I have an object file compiled using gcc with -ffunction-sections option. I have access to the source file but iam not allowed to modify it.
file.c
void foo(void)
{
bar();
}
void bar(void)
{
abc();
}
What iam trying to achieve is to make all the references to bar take an absolute address(which I'll assign in the linker script) whereas bar will be placed at some other address by the linker.
A possible solution is to rename bar to file_bar without changing the call to bar inside foo(). I tried using objcopy -redefine-syms but it seems to rename even the calls to bar.
Solution provided by busybee solves the problem unless the functions are in the same compilation unit.
foo1.c
#include <stdio.h>
extern void bar1();
void foo1(){
printf("foo1\n");
}
int main(){
printf("main\n");
foo1();
bar1();
}
bar1.c
#include <stdio.h>
void bar1(){
printf("bar1\n");
}
wrapper.c
#include <stdio.h>
void __wrap_foo1(){
printf("wrap_foo1\n");
}
void __wrap_bar1(){
printf("wrap_bar1\n");
}
Now,
$ gcc -c -ffunction-sections foo1.c bar1.c wrapper.c
$ gcc -Wl,--wrap=foo1 -Wl,--wrap=bar1 -o output foo1.o bar1.o wrapper.o
$ ./output
main
foo1
wrap_bar1
All functions to be redirected are in their own compilation unit
The linker has the option "--wrap" that replaces all references to the symbol "xxx" by "__wrap_xxx" and the symbol itself by "__real_xxx". It is used to put a wrapper function as an "interceptor" in between call and function.
But with this option you can do whatever you like with those symbols in your linker script. You just need to define "__wrap_xxx" with a symbol so that the references are resolvable.
Depending on your needs you can also write a dummy function named "__wrap_xxx()" that does not even call "__real_xxx()". Or you can place "__real_xxx" in a vector table, or... whatever you can think of.
All functions to be redirected are non-static ("global"), patching immediate values
I looked through the answers of the other question the OP posted in a comment.

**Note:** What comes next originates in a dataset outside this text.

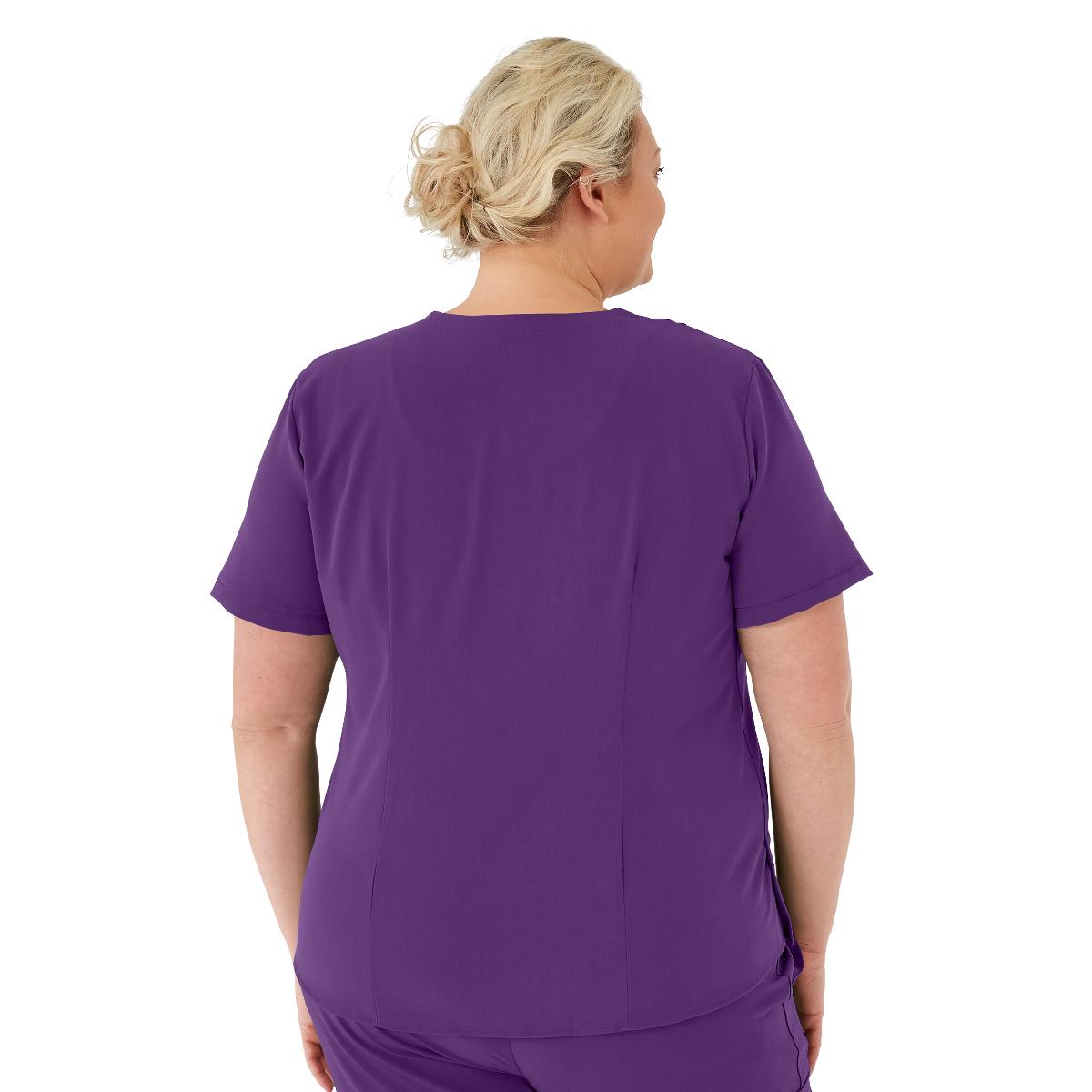 Lexington AVE Women's 2-Pocket Scrub Tops (Style 4802)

This gave me the idea to weaken the symbols in question and to override them with a value by the linker.
This example might give you some insight. I tested in on Linux which has address space layout randomization so all addresses are offsets from a random base. But for the OP's target system it should work as expected.
foo1.c
Because of arbitrary values for the redirected addresses the functions can't be called. But the program can print their addresses.
#include <stdio.h>
void foo1(void) {
}
extern void bar1(void);
int main(void) {
printf("%p\n", main);
printf("%p\n", foo1);
printf("%p\n", bar1);
return 0;
}
bar1.c
void bar1(void) {
}
wrapper.ld
This is the first alternative to give the linker the addresses to be used, an additional linker script. For the second one see below. The standard linker script will be augmented here, there is no need to copy and patch it. Because of the simple structure this is probably the most simple way to provide many redirected addresses which can be easily automated.
foo1 = 0x1000;
bar1 = 0x2000;
Note: This is not C! It is "linker script" syntax which happens to be quite similar.
How I built and tested
This command sequence can be automated and sorted for your liking. Especially the calls of objcopy could be done by some loop over a list.

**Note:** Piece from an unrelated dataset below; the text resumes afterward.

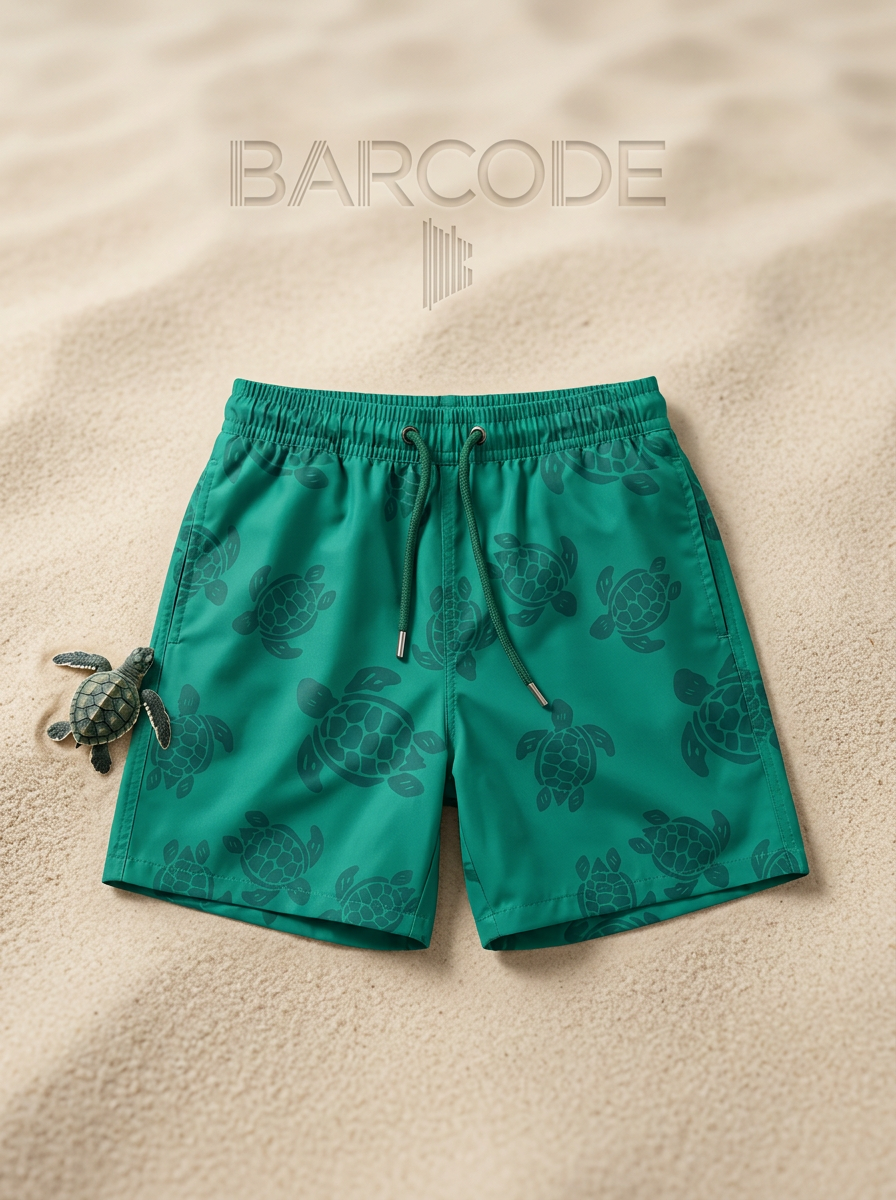 Vilebrequin swim trunks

gcc -c -ffunction-sections foo1.c
objcopy --weaken-symbol=foo1 foo1.o foo2.o
gcc -c -ffunction-sections bar1.c
objcopy --weaken-symbol=bar1 bar1.o bar2.o
gcc foo1.o bar1.o -o original
echo original
./original
gcc foo2.o bar2.o -o weakened
echo weakened
./weakened
gcc foo2.o bar2.o wrapper.ld -o redirected
echo redirected
./redirected
Instead of an additional linker script the symbol definitions can be given on the command line, too. This is the mentioned second alternative.

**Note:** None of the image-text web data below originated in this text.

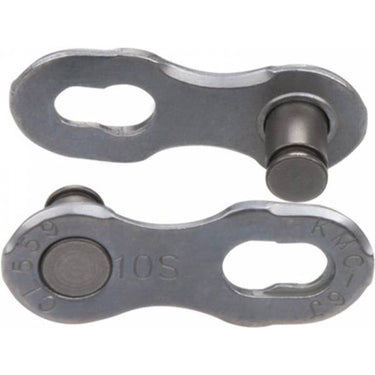 KMC Kettingschakel X10 R EPT Zilver (5.88 mm)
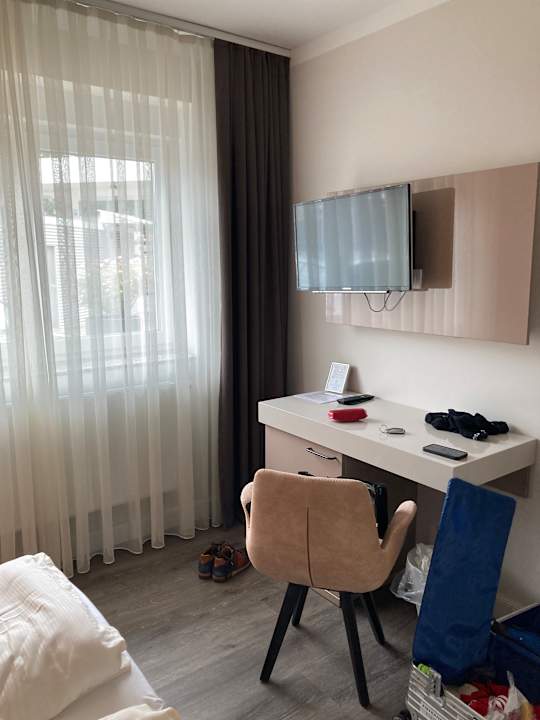 Zimmer Hotel Bispinger Hof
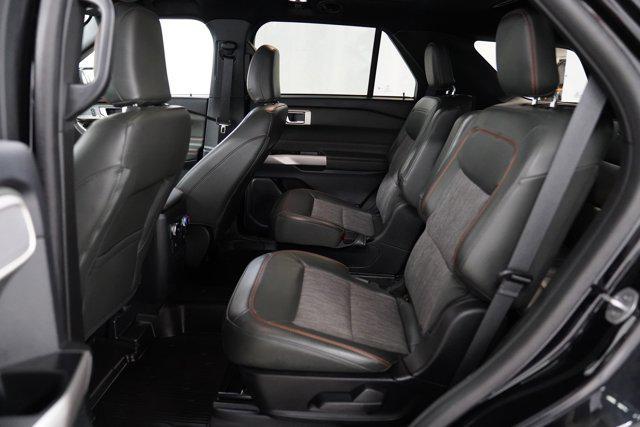 used 2023 Ford Explorer car, priced at $37,500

gcc foo2.o bar2.o -Wl,--defsym=foo1=0x1000 -Wl,--defsym=bar1=0x2000 -o redirected
BTW, the linker understands #file to read all arguments from the file file. So there's "no limit" on the size of the linker command.
All functions to be redirected are non-static ("global"), overwriting with new functions
Instead of providing immediate values you can of course just provide your alternative functions. This works like above but instead of the additional linker script or symbol definitions you write a source file.
wrapper.c
Yes, that's right, the names are equal to the names of the originals! Because we made the symbols of the original functions weak, we'll get no error message from the linker when it overwrites the references with the addresses of the new functions.
void foo1(void) {
}
void bar1(void) {
}
Build the redirected program like this (only new commands shown):
gcc -c -ffunction-sections wrapper.c
gcc foo2.o bar2.o wrapper.o -o redirected
A function to be redirected is static
Well, depending on your target architecture it will probably not be possible. This is because of the relocation entry of the reference. It will be some kind of relative, telling the linker to resolve by an offset into the section of the function instead to resolve by the symbol of the function.
I didn't investigate this further.
Related
I am a newbie in C. I have two simple source code files f1.c and f2.c.
f1.c looks like:
#include <stdio.h>
#include "f.h"
void f1(void) {
// some code ...
}
function f2() in f2.c relies on f1() in f1.c.
#include <stdio.h>
#include "f.h"
void f2(void) {
f1();
}
f1.c and f2.c share a same header f.h,
void f1(void);
void f2(void);
There are no main() access, I just want to compile these two file into a .o file without linker (using -c option),
gcc -c f1.c f2.c -o f2.o
then I got,
clang: error: cannot specify -o when generating multiple output files
but when I mentioned only f2.c, it works well,
gcc -c f2.c -o f2.o
So what's the problem? Thanks!
You should look into the compilation process for C. The first stage is compiling the .c source code into .o object files. The .c files do not need to see the other .c files; they are accepting as fact what you've told them about the existence of external functions. It's not until the linker comes in that it really needs to see the function because the implementation details don't matter to your .c file, just the interface, which you've presumably given it in the header.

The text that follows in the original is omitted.